Adding to concerns, real estate assets have arguably joined the bubble-party in stocks. Houses in the U.S. stand at the highest multiple of family incomes ever – even ahead of levels which prevailed prior to the housing bubble of 2006-2007. Alarmingly, this lofty multiple is lower than the corresponding level in other countries (Australia, the UK, China, and our very own Canada).
Lastly, global bond markets currently offer the lowest yields (and highest prices) in history. At best, this leaves investors with little chance of reaping any returns, and at worst leaves them facing a strong likelihood of suffering losses (particularly in real terms).
Taking these three observations together, the possibility that we are in the midst of three coinciding bubbles multiplies the potential for a major shock in the future, particularly if they burst simultaneously.

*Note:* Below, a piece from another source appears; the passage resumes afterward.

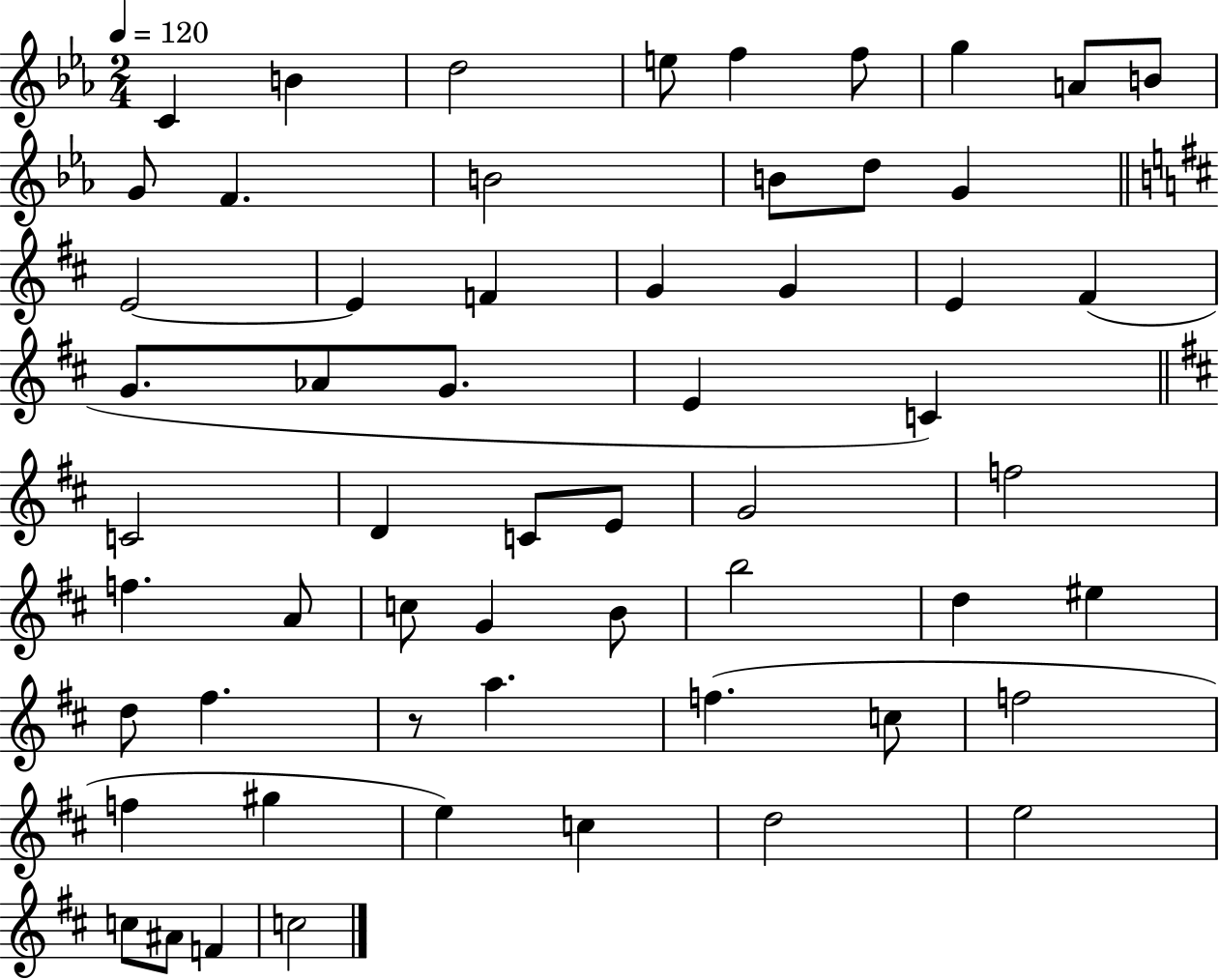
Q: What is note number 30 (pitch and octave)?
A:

The Wizard of Oz and Valium: Where Markets Stand Today
The relentless printing of money and excessive liquidity with which central banks have flooded economies have functioned as Valium for markets by suppressing volatility. Ever since rates fell below the level of inflation following the global financial crisis of 2008-9, volatility levels have remained far below their historical averages. Over the past several weeks, the inflation genie has started to rear its ugly head, replacing the Valium of low rates with the amphetamine of rising rates, causing a spike in volatility and a decline in stock prices.
Nobody including ourselves can be certain regarding the future path of stocks, rates, or any other market. That being said, we are confident that the low volatility, one-way street markets of yesterday will not return for the foreseeable future. To quote Dorothy’s famous line in The Wizard of Oz, “Toto, I’ve a feeling we’re not in Kansas anymore.” From an investing perspective, it has become increasingly likely that for the first time in over a decade, we have entered an environment in which risk management may no longer be a four-letter word.
Every Dog Has Its Day, Even Wallflowers
Unsurprisingly, the recent uptick in inflation has been a boon for the TSX Composite Index due to its relatively heavy weighting in sectors such as energy and materials, which tend to outperform when inflation and rates are on the rise. In January, the TSX Index declined 0.4%, as compared to a fall of 5.2% in the S&P 500 Index, marking a stark reversal from its consistent underperformance since the global financial crisis.
The Outcome Enhanced Dividend Fund returned 2.4% in January, outperforming the TSX Composite Index by 2.8%. These results mark a continuation of the fund’s longer-term outperformance. According to the most recent S&P Index vs. Active Canada Scorecard, the fund has outperformed over 99% of its peers since its inception in October 2018.
The Outcome Global Tactical Asset Allocation (GTAA) fund has delivered mid-single digit returns while protecting our clients from large losses, both during the challenging markets of Q4/2018 and the Covid crash of early 2020. According to Wikipedia, a wallflower is “someone with an introverted personality type who will attend parties and social gatherings, but will usually distance themselves from the crowd and actively avoid being in the limelight.” During the one-way street of rising markets since the Covid crash, the GTAA’s return profile may have made it appear as a wallflower. However, when markets become less cooperative (as we expect to be the case going forward) these very same characteristics will prove remarkably attractive.